The Daily Express, a staunchly Eurosceptic paper, has reported that 'Westminster insiders' have claimed that the UK's Work and Pensions Secretary, Ian Duncan Smith, is 'prepared to escalate the row with the Eurocrats'. The paper says that Mr Duncan Smith intends to introduce a requirement that EU citizens must work in the UK and pay income tax and national insurance for 'a significant period' before claiming benefits. The Express claims that this will be between 6 and 12 months.

The UK introduced a 'habitual residence test' in 2004. It requires EU immigrants to show that they are genuinely resident in the UK in order to qualify for UK benefits such as housing allowance. This requirement has not been popular with the European Commission (EC).

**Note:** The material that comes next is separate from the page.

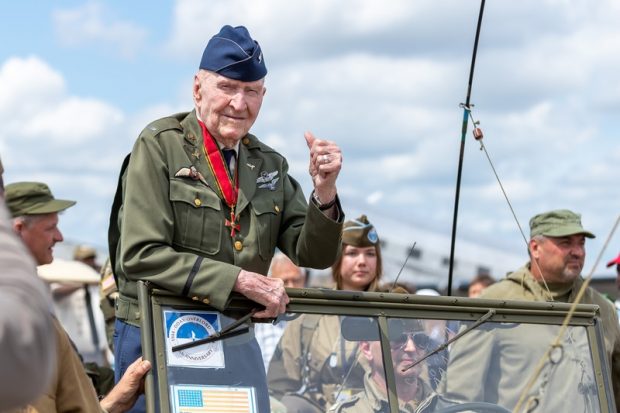 A murit pilotul Gail Halvorsen, supranumit „Candy Bomber”, după ce a parașutat zeci de tone de dulciuri pentru copii, în timpul blocadei Berlinului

UK 'blaming migrants for hardships at the time of economic crisis'

In April, the European Commissioner for Employment criticised the UK government for stirring up unjustified public anger about 'benefit tourists' coming to the UK to claim benefits. Laszlo Andor, accused the UK's Coalition government of 'blaming poor people or migrants for hardships at the time of economic crisis'. He said that this was 'not intelligent politics' and said 'whenever we have asked [the government] for proof about the phenomenon, they have been unable to provide it, despite repeated requests'.

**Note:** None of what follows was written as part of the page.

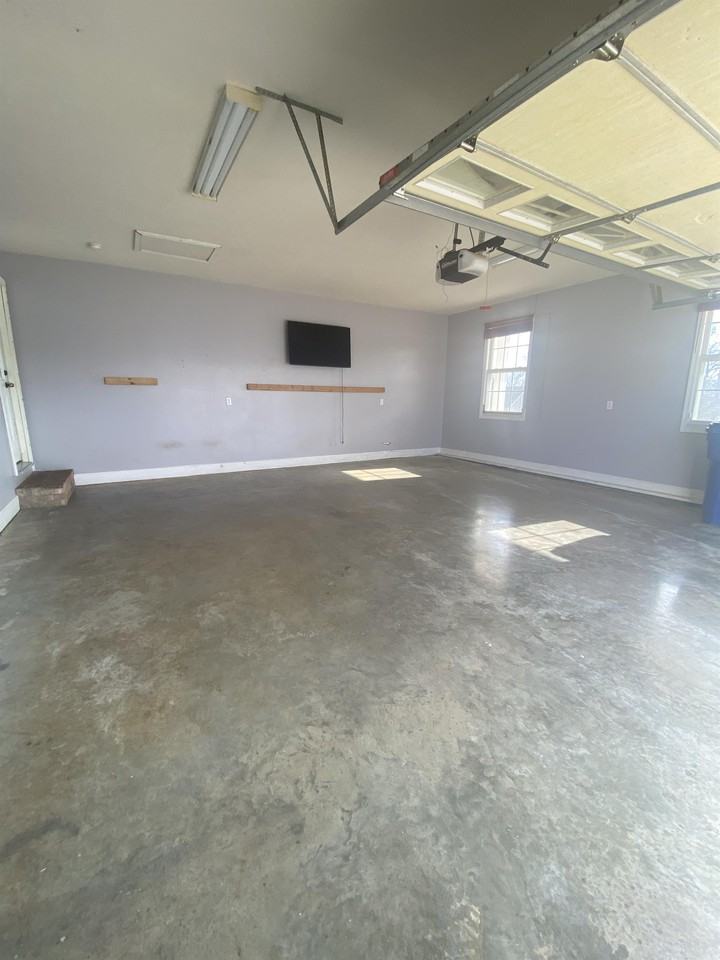 54 Victoria Dr #1 - Photo 2 of 20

On 30th May 2013, the European Commission announced that it was intending to sue the UK in the European Court of Human Rights over its treatment of EU migrants. The EC issued a statement saying that the UK discriminates against EU citizens by refusing a large proportion of applications for benefits from EU citizens. The EU says that its research shows that 64% of EU citizens who applied for UK benefits between 2009 and 2011. 42,810 applied and 27,400 were refused.

On the same day, Mr Duncan Smith told BBC Radio 4's lunchtime news programme The World at One that the UK needed to protect itself from abuse of its benefits system because, unlike many EU countries, it has a means-tested, rather than a contributory, benefits system. It is therefore possible to receive benefits without having worked. He said 'I will not cave in and I will continue to work on strengthening our benefit system in the meantime to ensure it is not open to abuse by anyone'.

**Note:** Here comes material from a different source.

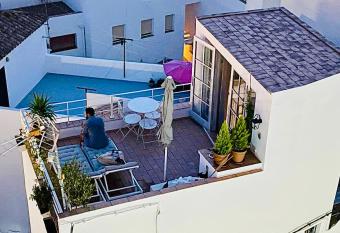 Almaraz11 allows 18 year olds to book a room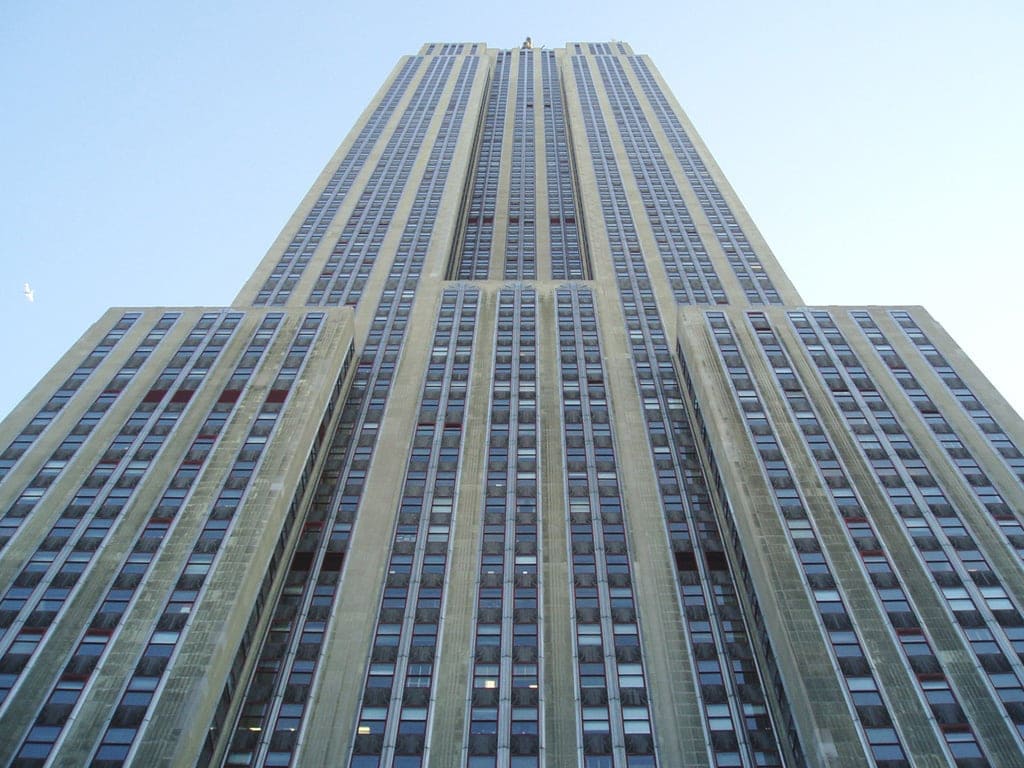 Looking Up at Empire State Building 2017062309 594cd96619a26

Policy will be seen as discriminatory by European Court

If Mr Duncan-Smith does introduce a requirement that EU citizens should work before they can claim benefits in the UK then, unless he introduces a similar requirement for UK citizens as well, this is bound to be seen as discriminatory by the European Court of Human Rights.

It will also delight Eurosceptic members of the Conservative Party, of which Mr Duncan Smith is a member. One Eurosceptic Conservative, Peter Bone MP, told The Express 'What is being proposed here sounds sensible. Certainly, people in my constituency are fed up with migrants being able to claim benefits without having contributed to the system'. Mr Bone continued 'We need to take back control of our affairs from Europe. Ultimately, that is what will be decided when we finally hold an in-or-out referendum on our EU membership'.